Lesson Learned: The Most Common Misconceptions about Homeowners Insurance

Have you ever encountered a bewildered and bemused insured who was fraught with incorrect information about his or her homeowners insurance? At some point, every adjuster has been there – needing to correct the insured’s misconceptions — hopefully lessening his or her predicament. If you had to name 5 common misconceptions homeowners have about their insurance policies, what would they be? Did they make our list?1) Loss-of-use coverage is what the majority of homeowners think they have in case of a situation where a home becomes temporarily uninhabitable. In this type of occurrence, most people assume that their insurance companies put them up in hotels and possibly give them a per diem for meals for their families. This loss-of-use coverage does exist and it does provide for temporary housing and–sometimes–food. But it’s not coverage that’s automatically included in the average homeowners insurance coverage. Making sure that your insureds know whether or not they have loss-of-use in an emergency situation will save time and confusion (and possible money) when deciding what initial actions the family should take regarding shelter.

2) Replacement cost occurs when an item within the home is counted as a loss. If an insured has replacement cost coverage, their lost item will be valued at its original worth and the payout for it will correspond with that valuation. However, it is usually included in homeowners policies as a clause and is not automatically awarded. Forbes magazine online uses an example of a home computer: “If your four-year-old computer is lost in a fire, replacement cost coverage would allow you to purchase a new one with similar features,” reported Forbes. “If [replacement cost coverage is] not included, losses will be valued at what they were worth in their condition before the calamity. The four-year-old computer might be valued at $250 – not enough to purchase a new one.”

3) Flood coverage is one of the most highly utilized types of insurance because flooding and water damage is a common issue for both the home and the damage to (or loss of) items within the home. Unfortunately, most homeowners policies don’t include any type of flood coverage at all. It is usually marketed as a separate flood policy, just like most natural disasters–although flood coverage is not only meant for literal monsoon-caused floods (think burst pipes and broken washing machines). It’s important to make insureds aware of the fact that flood insurance is sold solo and not as part of the average agency’s homeowners policy.
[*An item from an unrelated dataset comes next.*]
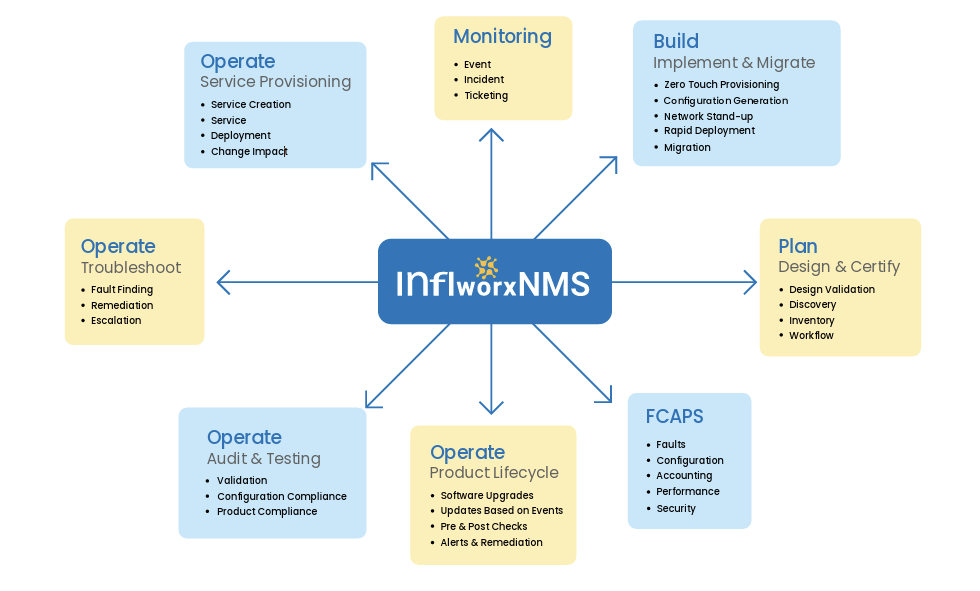 Workflow Benefits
4) Termites are commonly considered one of the worst pest problems a home can have and they are an issue that is present all over the United States. Despite this, there is no widely covered policy for termite damage or the damage of other similar pests. In fact, although damage from these insects can destroy the structure of a house and costs thousands of dollars to repair, the best way to insure that this doesn’t happen to a home is to have it regularly checked by pest control professionals. Insureds must realize that termite and pest damage is one disaster that is almost never covered by insurance.
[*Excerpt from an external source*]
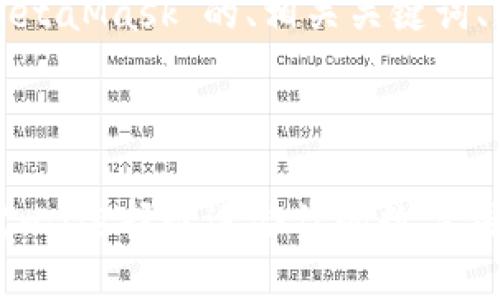 好的，下面是关于“小狐钱包官网和MetaMask”的、相关关键词、大纲结构，以及后续问题和内容主体。



小狐钱包官网与MetaMask的全面对比：选择最适合你的数字钱包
5) Valuation of loss is determined by adjusters who venture to affected homes, evaluate what’s damaged or lost, and then submit content items for valuation based on their inventoried descriptions. What homeowners might not realize is that this monetary valuation is not necessarily written in stone – if they know to keep receipts and photos of their purchased belongings, they may be able to rightfully negotiate their valuation to the most accurate number thanks to their support documents.

By understanding the common mistakes or assumptions homeowners often make regarding their insurance plan, you can have a leg up when trying to straighten out any confusion that has your homeowners stumbling around their policy.